От созерцания волн, на чьих гребнях отражалось солнце, его отвлек едва уловимый, как будто детский плач. «Может, кто-то из соседских ребят в лесу заблудился?» Ваня поспешил на выручку, и едва ступил под сень могучих тополей, как увидал олененка. Мама его куда-то запропастилась, а может, её и не было вовсе. Ваня погладил олененка, потом аккуратно поднял и перенес поближе к берегу. Настелил на «каменное кресло» побольше травы, устроил с комфортом, на свой детский лад.

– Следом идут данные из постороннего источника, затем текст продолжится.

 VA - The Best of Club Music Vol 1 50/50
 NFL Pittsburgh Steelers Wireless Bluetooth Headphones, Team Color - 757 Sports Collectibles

Но вдруг вся буна содрогнулась (куда сильнее, чем в первый раз). Содрогнулась так, что радиоприемник, который ему подарили на день рождения, сразу полетел в реку. Землетрясение? Такое он уже видел. У них тогда в серванте перебилась вся хрустальная посуда. Ваня подхватил олененка, перебрался от греха подальше на песчаный берег.
А каменный гребень буны, меж тем, всё двигался и двигался. И вот… на глазах стал выгибаться, переходя из горизонтального положения в вертикальное. Посыпались мелкие камни, забурлила вода, появились десятки водоворотов, а шум стоял такой, будто мама утром в субботу пытается поднять папу с дивана.
И «папа», наконец, поднялся. Даже большой пестрый дятел на верхушке дерева перестал стучать. Оказалось, это никакая не «буна», а жуткое ископаемое существо, наподобие стегозавра, Ваня видел такого на картинке.
Мальчик с олененком бросился бежать. И едва скрылся под деревьями, вспомнил про козу Нюрку, оставленную на произвол судьбы. Та мирно, как ни в чем не бывало, щипала травку. Разбуженный и, конечно, невероятно голодный стегозавр направился к ней. Ещё мгновение…
Но тут на берегу между деревьями замелькало пестрое мамино платье. Мама бесстрашно ринулась в бой, метнула в исполина бабушкиным костяным гребнем. Гигант пошатнулся, зевнул, затем покорно воротился к реке, улегся на прежнее место. Ещё какое-то время он ворочался, кряхтел, храпел, а потом всё стихло.
О, как же радовалась мама, когда увидела, что её сыночек цел и невредим. А Ваня наконец вспомнил, какую сказку ему рассказывала бабушка.
Николай Феч.
Фото автора.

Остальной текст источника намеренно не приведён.